We are grouping by state. Then, within each group, we are resampling, and taking the mean over the 3 months in each quarter. The 'QS' tells pandas to assign the first day of the quarter ('S' for start) as the date, e.g., 1999-04-01 for the second quarter.

Part (c): Merging and plotting the data

Wow, that was a lot of work. Bending data to our will takes careful effort.

At this point, we have two data sets. In each dataset, the unit of observation is a state-quarter.

  1. Create a new data frame by merging the gdp and unemployment rate data on 'state' and 'date'. Set 'state' and 'date' as the index on the new data frame and sort the index. Use an inner merge.

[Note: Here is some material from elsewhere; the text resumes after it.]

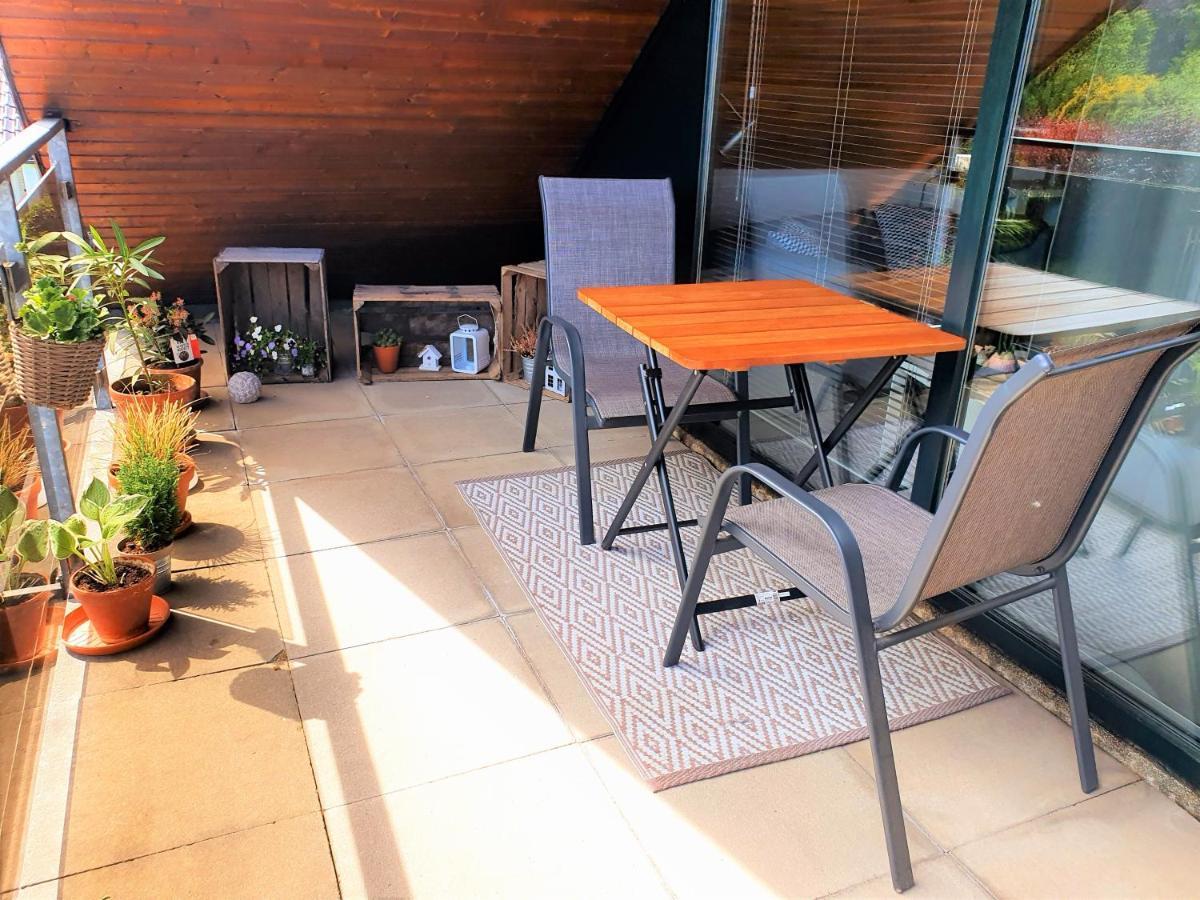Appartement Seeve Seevetal Buitenkant foto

  2. Okun's Law is about changes in gdp and unemployment.

    1. Compute the percent change in real gdp for each state and quarter. You will need to group by state and then use .pct_change()
    2. Compute the difference in the unemployment rate for each state and quarter. Again, group by state. This time, use .diff().

Notice that we are taking the growth rate of gdp, but the difference of unemployment. This is because it is awkward to talk about the percent change of variables that are already in percentage terms.

  1. Change the index to 'state'.

  2. Now we can make the desired scatterplot. Plot the GDP growth rate against the change in the unemployment rate for Wisconsin and Michigan on the same figure.

    1. Put GDP growth on the horizontal axis and the change in the unemployment rate on the vertical axis.
    2. Make the markers for Wisconsin red x's and the markers for Michigan blue squares that aren't filled in (Only the outline should be shown in blue. The interior should be blank).
    3. Make other aspects of the plot look nice, including nice labels and a legend.

Q2: How well does Okun's Law work?

Okun's Law states that there is a strong linear relationship between changes in unemployment and real gdp. This seems empirically plausible at the national level. How well does in work at the state level?

Part (a): regplot

Let's create two seaborn regplot()s. One for Wisconsin and one for Michigan.

  1. Make two subplots on the same figure. One row, with two columns of axes.
  2. regplot() Michigan's data on the first axis. Make the color blue.
  3. regplot() Wisconsin's data on the second axis. Make the color red.

For both plots, keep GDP growth rate on the x-axis and change in unemployment on the y-axis.

Part (b): Analysis

What do you conclude about Okun's Law?

[If you are interested in more about Okun's Law, check this out.]

Optional

If you have some experience with econometrics, you could estimate the relationship in the figures you just plotted. Are the coefficients significant? Is the r-squared large?